» What needs to be done: Please reproduce all of the data below exactly, leaving each picture out.
[[ Information shown open ]]
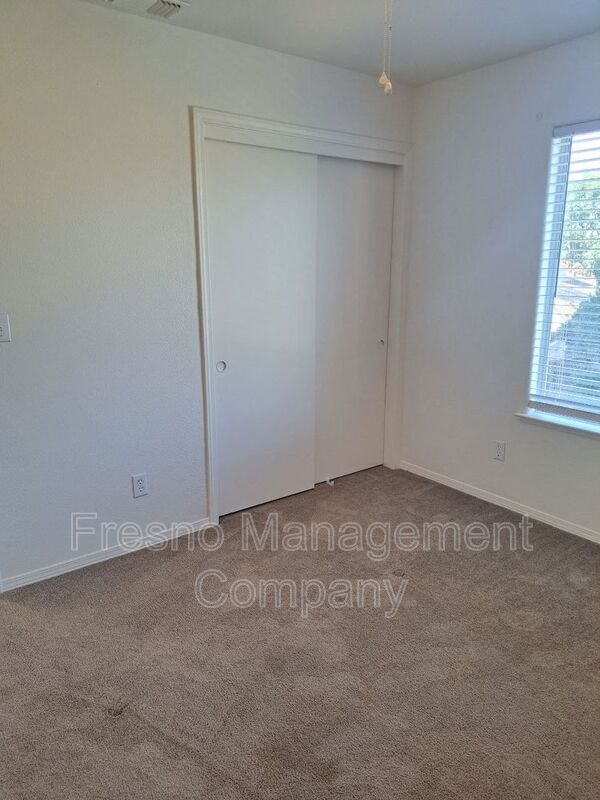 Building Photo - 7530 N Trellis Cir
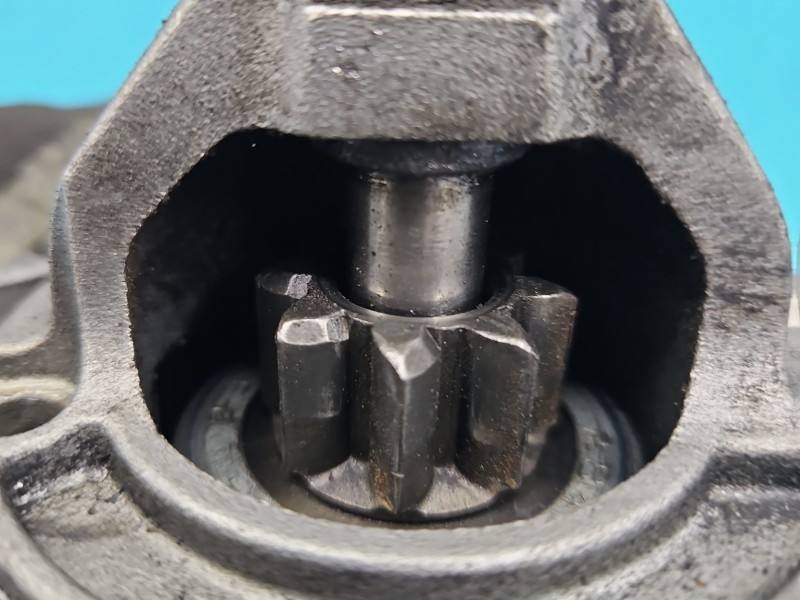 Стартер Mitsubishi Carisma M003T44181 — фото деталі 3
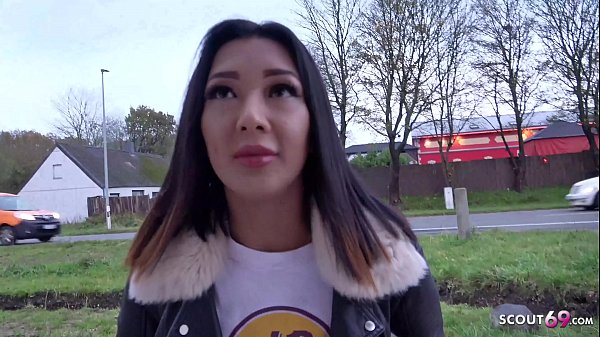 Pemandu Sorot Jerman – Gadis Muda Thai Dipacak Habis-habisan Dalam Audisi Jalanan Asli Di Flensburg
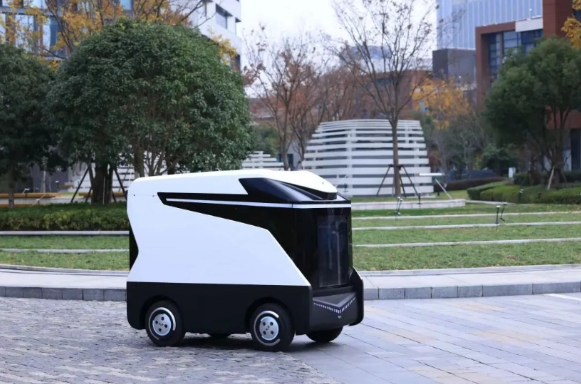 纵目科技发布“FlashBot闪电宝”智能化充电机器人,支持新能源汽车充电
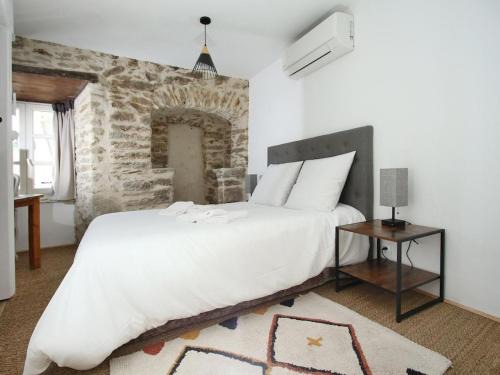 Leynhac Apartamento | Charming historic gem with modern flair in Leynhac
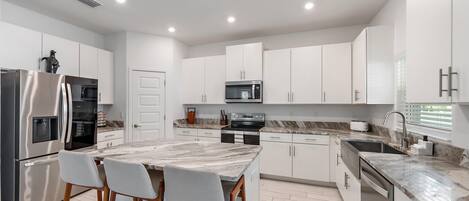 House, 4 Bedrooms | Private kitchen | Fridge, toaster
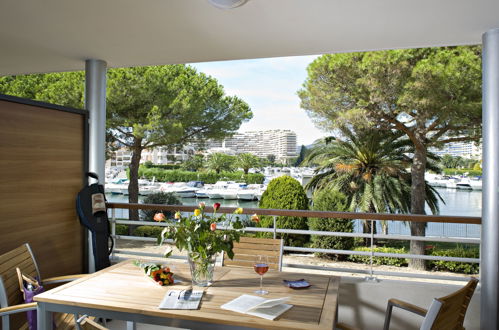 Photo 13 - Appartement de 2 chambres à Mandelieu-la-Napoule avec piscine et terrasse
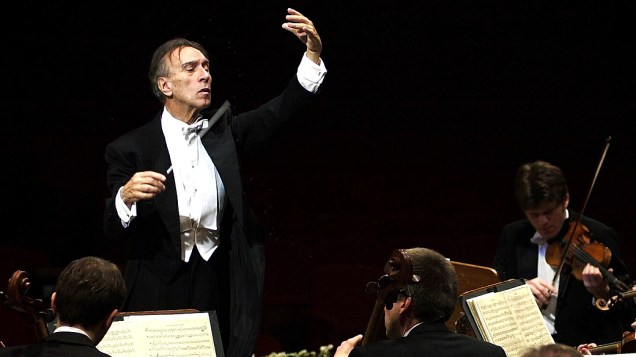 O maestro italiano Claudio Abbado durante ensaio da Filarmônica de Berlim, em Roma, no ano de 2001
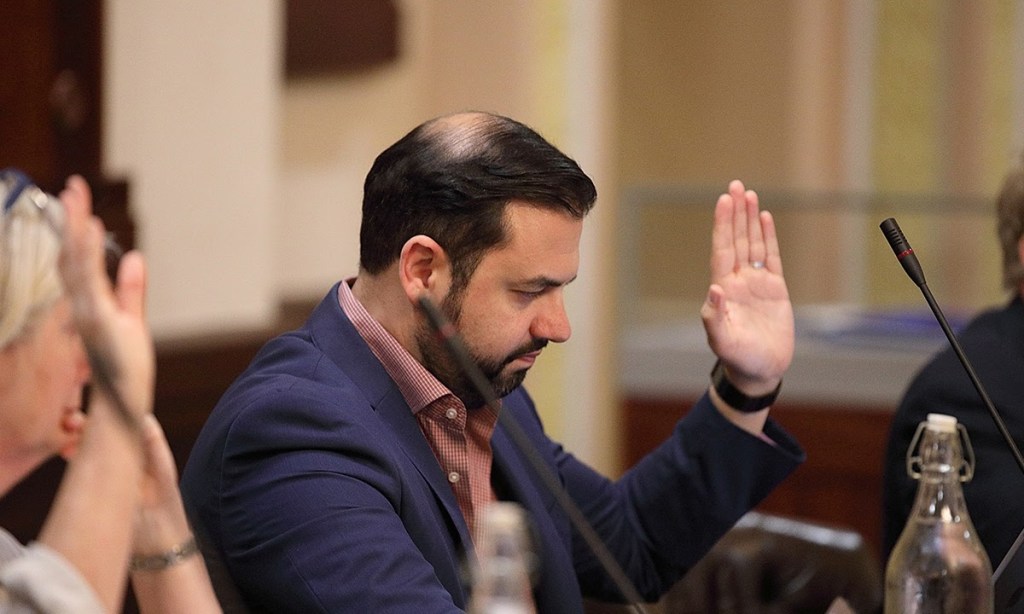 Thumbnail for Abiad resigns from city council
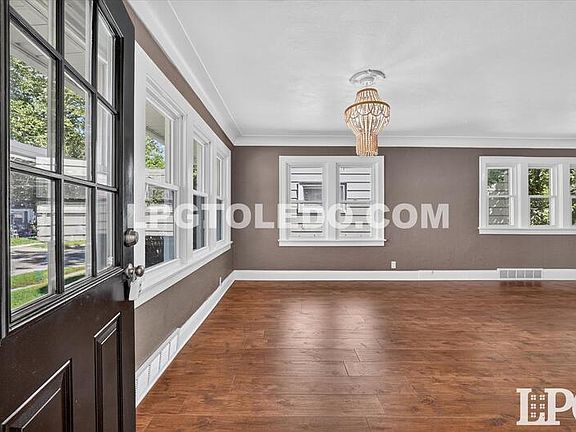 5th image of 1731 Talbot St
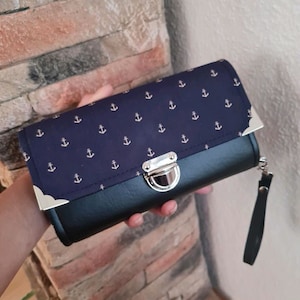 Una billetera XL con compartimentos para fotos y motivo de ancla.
[[ Information shown closed ]]
» Response to the task:
 Building Photo - 7530 N Trellis Cir
 Стартер Mitsubishi Carisma M003T44181 — фото деталі 3
 Pemandu Sorot Jerman – Gadis Muda Thai Dipacak Habis-habisan Dalam Audisi Jalanan Asli Di Flensburg
 纵目科技发布“FlashBot闪电宝”智能化充电机器人,支持新能源汽车充电
 Leynhac Apartamento | Charming historic gem with modern flair in Leynhac
 House, 4 Bedrooms | Private kitchen | Fridge, toaster
 Photo 13 - Appartement de 2 chambres à Mandelieu-la-Napoule avec piscine et terrasse
 O maestro italiano Claudio Abbado durante ensaio da Filarmônica de Berlim, em Roma, no ano de 2001
 Thumbnail for Abiad resigns from city council
 5th image of 1731 Talbot St
 Una billetera XL con compartimentos para fotos y motivo de ancla.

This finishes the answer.